The level of purchased coal is also impacted by the coal
qualities of the purchased coal and the Company's coal due to
blending requirements. The cost of purchased metallurgical
coal is typically, but not always, based on a formula so that
the price paid is dependent on the actual sale price realized
by the Company.
Processing
The Coal Preparation Plant is operating below designed
capacity. The Company expects its average recovery in the
plant in fiscal 2012 to be below its long term targets due to
the out of seam dilution from the low seam coal area in the
initial phase of the Casselman mine and continued lower than
expected recovery from fines in the flotation column.
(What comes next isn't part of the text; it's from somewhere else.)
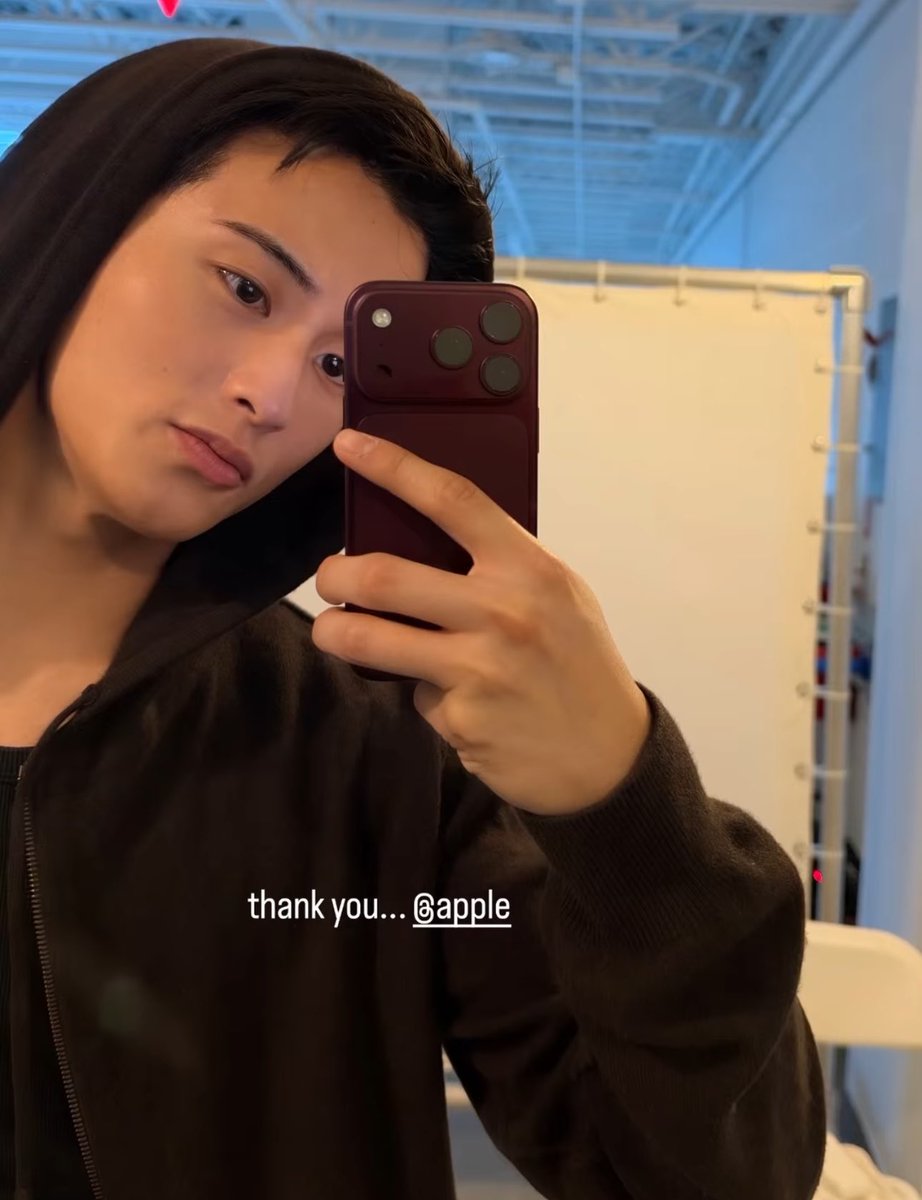 iprayncrybutdry's tweet photo. ไปร่วมงานเปิดตัวไอโฟนรุ่นใหม่ วันนี้ thank you apple พร้อมถือ iphone 18 สี burgundy ป๊าดดดดดดดดดด คุณมาร์คลี https://t.co/sx58gVUlo3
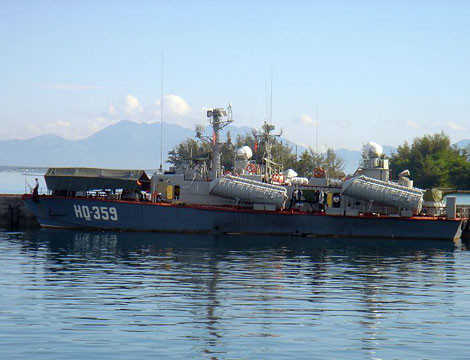 Đầu những năm 1980, Việt Nam nhận viện trợ 8 tàu tên lửa Osa II (project 205U) và trang bị cho hải quân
The
Company's production in fiscal 2012 will be adjusted to
reflect actual customer demand during the year which will
also affect the processing cost per ton.
Casselman Mine
The Casselman Mine is an underground metallurgical coal mine
located in Garrett County, Maryland. This mine is
approximately 31 miles by road from the Coal Preparation
Plant.
The mine commenced operations in late July 2011and is
currently operating with one continuous mining unit. The
initial mine plan was to have a second continuous mining unit
in production by second fiscal quarter 2012 which has been
delayed until the third quarter and a third unit in
production in the fourth fiscal quarter of 2012 or first
quarter of next year, however the Company continues to review
this mine plan and expansion in the context of the current
market. The current recovery is below the expected life of
mine recovery due to the low seam section in which the
Company is currently operating. The Company has installed a
screening plant at the mine site to improve Coal Preparation
Plant recoveries and reduce haulage costs
An updated technical report (the "Casselman Report") to
satisfy the requirements of NI-43-101 has been prepared and
filed on www.sedar.com with respect to the Casselman Mine and
is entitled the "Wilson Creek Energy, LLC Technical Report on
Coal Reserves, Casselman Mine Site, Garrett County, Maryland,
USA, June 13, 2012". The Casselman Report upgrades the
Casselman Mine indicated resource to a proven reserve of
9,886,000 recoverable short tons which is expected to result
in 7,884,000 short tons of clean coal after
beneficiation. Reference is made to the Casselman
Report for full details.
The indicated resource was originally disclosed on May 5,
2011 in the technical report titled "Wilson Creek Energy,
LLC, Technical Report on Coal Resources, Casselman Mine Site,
Garrett County, Maryland, USA". The coal reserve footprint is
2,452 acres, 19 of which have been mined to date to develop
egress to the remainder of the reserves. The coal seam is the
Upper Freeport, which ranges from 100 to 600 feet deep over
the reserve area, exhibiting a gentle inclination, averaging
3.2 degrees. All of the reserve footprint is permitted and
controlled for all aspects of mining. The reserve footprint
has been calculated, employing Carlson software modeling,
utilizing 52 drill holes for a resulting drilling density of
1 hole per 0.07 square mile. Twenty five (25) of the test
holes were analyzed for quality, designating the deposit as
low volatile, bituminous coking coal.
The Company continues to look to expand this mine and has
obtained options to lease a further approximately 1,000 acres
adjoining the current permitted area for this mine.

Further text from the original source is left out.